Furthermore, the situation regarding child poverty and food insecurity in Alabama is alarming. Data from the USDA shows that 22.7 percent of children under 17 live in poverty, and 22.3 percent, or 243,880 children, face food insecurity. These figures paint a picture of a state grappling with profound challenges impacting its younger population. But the most pressing issue among these would-be censors is books in a public library.
The targets of this crusade are books discussing Black history, racism in America, and the experiences of transgender youth and the LGBTQ community. Such selective censorship echoes the age-old, yet always defeated, attempts to suppress knowledge and control thought.
Efforts to ban or censor books have always been on the wrong side of history and, are ultimately rejected by societies that value freedom and diversity of thought. History is replete with instances of censorship that are now seen as ignorant and cruel. Consider the Roman Catholic Church’s Index Librorum Prohibitorum, a notorious list of prohibited books.
This censorship, once considered a bulwark of societal values, is now regarded as a dark chapter in the history of intellectual freedom. Similarly, the burning of William Tyndale’s translation of the New Testament into English, an act that led to his execution, reflects a time when censors were viewed as defenders of societal norms, yet today, they are seen as villains.

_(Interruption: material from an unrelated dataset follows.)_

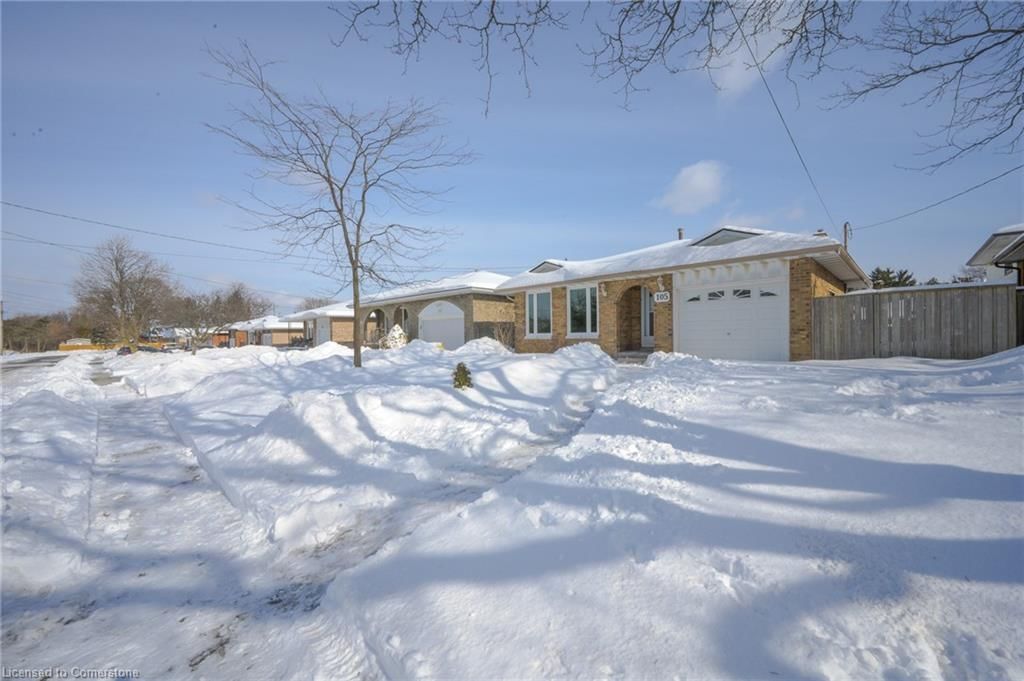 Single Family Residence for sale at 105 Lavina Crescent, Hamilton, Mountview, L9C 5S8 - MLS: 40698972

Another example is the Roman Emperor Caligula, who in 35 A.D. opposed Homer’s “The Odyssey” for its ideas of freedom. His actions, once perhaps seen as maintaining the status quo, are now looked upon as suppressive and regressive.

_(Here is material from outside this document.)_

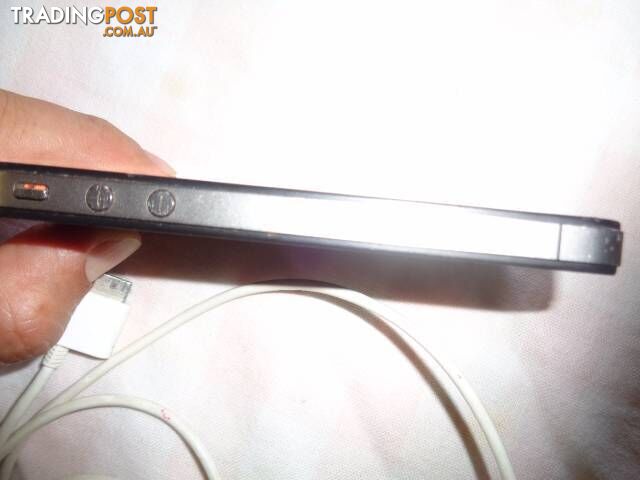 Iphone 4 cable and adapter all in good condition - photo 4 of 7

The most extreme case might be that of the Chinese Emperor Shih Huang Ti. In 212 B.C., in an attempt to redefine history and consolidate his power, he reportedly buried 460 scholars alive and burned countless books. This draconian act, intended to mark the beginning of history with his reign, is now condemned as a heinous crime against humanity.
These historical episodes illustrate a pattern: actions once seen as upholding societal norms or protecting the status quo are often later condemned as acts of savagery and hate. They remind us of the ever-evolving nature of social values and the importance of preserving freedom of thought.

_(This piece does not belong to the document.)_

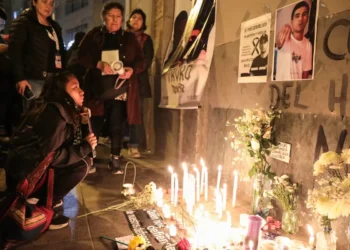 Encendieron velas y colocaron flores donde fue abatido Eduardo Ruiz/AFP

The current situation in Alabama echoes these historical precedents, revealing a fundamental conflict between freedom of expression and attempts to indoctrinate young minds with a particular religious agenda. Removing books from the young adult section of a public library undermines principles of intellectual freedom, educational value, and the developmental benefits for young readers.
Public libraries are a crucial part of every local infrastructure, providing communities with access to diverse viewpoints and ideas. Young Adult (YA) literature, in particular, plays a vital role in addressing social issues and offering insights into experiences different from one’s own. This exposure is critical for developing empathy, understanding, and a broader worldview. During adolescence, a period of significant personal and intellectual development, YA books can help young adults navigate complex realities, offering a safe place for exploration and understanding.
Moreover, engaging with challenging or controversial content is essential for fostering critical thinking skills. YA books can stimulate discussion, reflection, and a deeper understanding of complex issues, contributing to the development of informed and literate individuals.
While it is valid for conservatives to champion parental rights and individual choice in guiding their children’s reading, it is not appropriate to impose these preferences on the broader community. Public libraries serve diverse populations with varying values and interests. What one family finds objectionable may be invaluable to another. In a free society, the answer lies in personal choice, not in government-imposed restrictions.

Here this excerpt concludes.